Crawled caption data

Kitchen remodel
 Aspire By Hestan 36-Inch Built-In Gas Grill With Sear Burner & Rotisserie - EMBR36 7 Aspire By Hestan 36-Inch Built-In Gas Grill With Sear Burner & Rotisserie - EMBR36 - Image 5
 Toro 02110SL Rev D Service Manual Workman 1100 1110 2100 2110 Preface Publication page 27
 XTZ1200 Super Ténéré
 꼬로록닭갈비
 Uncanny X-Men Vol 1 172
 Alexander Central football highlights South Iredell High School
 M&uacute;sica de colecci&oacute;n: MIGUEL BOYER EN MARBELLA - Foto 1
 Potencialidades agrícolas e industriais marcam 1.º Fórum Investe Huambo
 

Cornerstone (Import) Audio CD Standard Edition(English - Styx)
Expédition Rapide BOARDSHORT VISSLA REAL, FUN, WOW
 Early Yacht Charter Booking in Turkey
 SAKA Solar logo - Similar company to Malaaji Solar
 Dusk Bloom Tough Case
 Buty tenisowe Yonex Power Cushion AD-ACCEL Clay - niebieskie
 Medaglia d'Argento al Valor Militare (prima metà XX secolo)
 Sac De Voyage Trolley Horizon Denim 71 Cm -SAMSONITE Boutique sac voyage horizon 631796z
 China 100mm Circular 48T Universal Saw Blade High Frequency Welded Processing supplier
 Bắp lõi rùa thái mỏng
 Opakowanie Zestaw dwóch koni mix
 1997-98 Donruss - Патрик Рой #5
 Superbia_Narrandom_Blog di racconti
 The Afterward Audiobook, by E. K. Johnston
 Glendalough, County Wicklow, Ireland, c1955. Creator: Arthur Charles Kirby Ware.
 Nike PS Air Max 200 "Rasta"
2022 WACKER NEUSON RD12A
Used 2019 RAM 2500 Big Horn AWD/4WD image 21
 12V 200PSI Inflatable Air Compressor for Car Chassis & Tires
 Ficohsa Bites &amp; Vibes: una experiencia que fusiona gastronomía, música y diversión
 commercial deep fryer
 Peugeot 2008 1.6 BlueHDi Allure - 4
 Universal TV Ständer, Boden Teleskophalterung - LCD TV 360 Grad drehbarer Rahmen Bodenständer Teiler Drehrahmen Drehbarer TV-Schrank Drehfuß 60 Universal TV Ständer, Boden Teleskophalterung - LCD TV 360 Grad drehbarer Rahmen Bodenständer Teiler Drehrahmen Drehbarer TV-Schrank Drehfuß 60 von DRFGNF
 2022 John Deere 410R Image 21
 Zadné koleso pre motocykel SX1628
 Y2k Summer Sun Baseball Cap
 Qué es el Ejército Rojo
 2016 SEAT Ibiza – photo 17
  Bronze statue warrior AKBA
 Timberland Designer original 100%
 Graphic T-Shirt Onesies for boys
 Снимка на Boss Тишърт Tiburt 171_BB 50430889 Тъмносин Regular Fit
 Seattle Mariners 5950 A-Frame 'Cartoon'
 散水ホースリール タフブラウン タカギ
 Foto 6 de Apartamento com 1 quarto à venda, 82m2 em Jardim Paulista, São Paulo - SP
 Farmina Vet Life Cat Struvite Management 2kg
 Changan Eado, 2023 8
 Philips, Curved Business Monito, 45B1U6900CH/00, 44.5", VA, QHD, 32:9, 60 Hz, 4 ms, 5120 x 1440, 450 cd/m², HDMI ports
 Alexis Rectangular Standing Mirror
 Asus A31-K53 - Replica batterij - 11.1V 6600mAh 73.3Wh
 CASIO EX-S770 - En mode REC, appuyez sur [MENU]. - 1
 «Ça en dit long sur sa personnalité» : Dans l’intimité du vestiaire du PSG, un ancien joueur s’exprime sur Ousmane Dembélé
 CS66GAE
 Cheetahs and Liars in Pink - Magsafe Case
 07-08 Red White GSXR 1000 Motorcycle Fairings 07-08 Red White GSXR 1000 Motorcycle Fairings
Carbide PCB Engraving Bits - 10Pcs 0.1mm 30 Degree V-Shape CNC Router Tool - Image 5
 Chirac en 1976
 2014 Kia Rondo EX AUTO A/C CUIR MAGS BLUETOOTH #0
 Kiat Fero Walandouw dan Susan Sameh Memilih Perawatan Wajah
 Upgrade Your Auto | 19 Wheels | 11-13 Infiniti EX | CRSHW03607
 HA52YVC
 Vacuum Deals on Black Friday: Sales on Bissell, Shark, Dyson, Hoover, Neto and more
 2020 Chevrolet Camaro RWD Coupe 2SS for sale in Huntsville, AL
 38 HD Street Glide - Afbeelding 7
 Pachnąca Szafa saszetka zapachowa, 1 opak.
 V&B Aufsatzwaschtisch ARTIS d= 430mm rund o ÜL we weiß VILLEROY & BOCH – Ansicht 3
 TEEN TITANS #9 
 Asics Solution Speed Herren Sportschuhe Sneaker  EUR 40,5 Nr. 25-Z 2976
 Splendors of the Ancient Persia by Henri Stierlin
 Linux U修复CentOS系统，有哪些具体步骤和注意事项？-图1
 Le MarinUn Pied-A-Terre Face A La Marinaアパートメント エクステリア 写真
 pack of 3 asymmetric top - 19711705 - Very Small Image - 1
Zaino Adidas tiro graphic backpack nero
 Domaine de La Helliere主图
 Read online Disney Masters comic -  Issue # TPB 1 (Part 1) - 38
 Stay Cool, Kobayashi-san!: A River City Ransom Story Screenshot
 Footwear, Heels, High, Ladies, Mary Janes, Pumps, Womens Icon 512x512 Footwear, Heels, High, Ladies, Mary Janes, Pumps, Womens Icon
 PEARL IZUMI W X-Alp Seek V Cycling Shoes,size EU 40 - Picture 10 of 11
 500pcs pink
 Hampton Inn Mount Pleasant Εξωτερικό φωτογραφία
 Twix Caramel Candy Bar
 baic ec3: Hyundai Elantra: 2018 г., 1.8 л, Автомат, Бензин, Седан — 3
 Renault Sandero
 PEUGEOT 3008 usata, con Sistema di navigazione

• _What the exercise asks_
Could you write out, exactly as they stand, only the lines above that begin at the line with "Asus A31-K53 - Replica" and stop after the line with "Domaine de La Helliere主图"?

• _Written answer_
 Asus A31-K53 - Replica batterij - 11.1V 6600mAh 73.3Wh
 CASIO EX-S770 - En mode REC, appuyez sur [MENU]. - 1
 «Ça en dit long sur sa personnalité» : Dans l’intimité du vestiaire du PSG, un ancien joueur s’exprime sur Ousmane Dembélé
 CS66GAE
 Cheetahs and Liars in Pink - Magsafe Case
 07-08 Red White GSXR 1000 Motorcycle Fairings 07-08 Red White GSXR 1000 Motorcycle Fairings
Carbide PCB Engraving Bits - 10Pcs 0.1mm 30 Degree V-Shape CNC Router Tool - Image 5
 Chirac en 1976
 2014 Kia Rondo EX AUTO A/C CUIR MAGS BLUETOOTH #0
 Kiat Fero Walandouw dan Susan Sameh Memilih Perawatan Wajah
 Upgrade Your Auto | 19 Wheels | 11-13 Infiniti EX | CRSHW03607
 HA52YVC
 Vacuum Deals on Black Friday: Sales on Bissell, Shark, Dyson, Hoover, Neto and more
 2020 Chevrolet Camaro RWD Coupe 2SS for sale in Huntsville, AL
 38 HD Street Glide - Afbeelding 7
 Pachnąca Szafa saszetka zapachowa, 1 opak.
 V&B Aufsatzwaschtisch ARTIS d= 430mm rund o ÜL we weiß VILLEROY & BOCH – Ansicht 3
 TEEN TITANS #9 
 Asics Solution Speed Herren Sportschuhe Sneaker  EUR 40,5 Nr. 25-Z 2976
 Splendors of the Ancient Persia by Henri Stierlin
 Linux U修复CentOS系统，有哪些具体步骤和注意事项？-图1
 Le MarinUn Pied-A-Terre Face A La Marinaアパートメント エクステリア 写真
 pack of 3 asymmetric top - 19711705 - Very Small Image - 1
Zaino Adidas tiro graphic backpack nero
 Domaine de La Helliere主图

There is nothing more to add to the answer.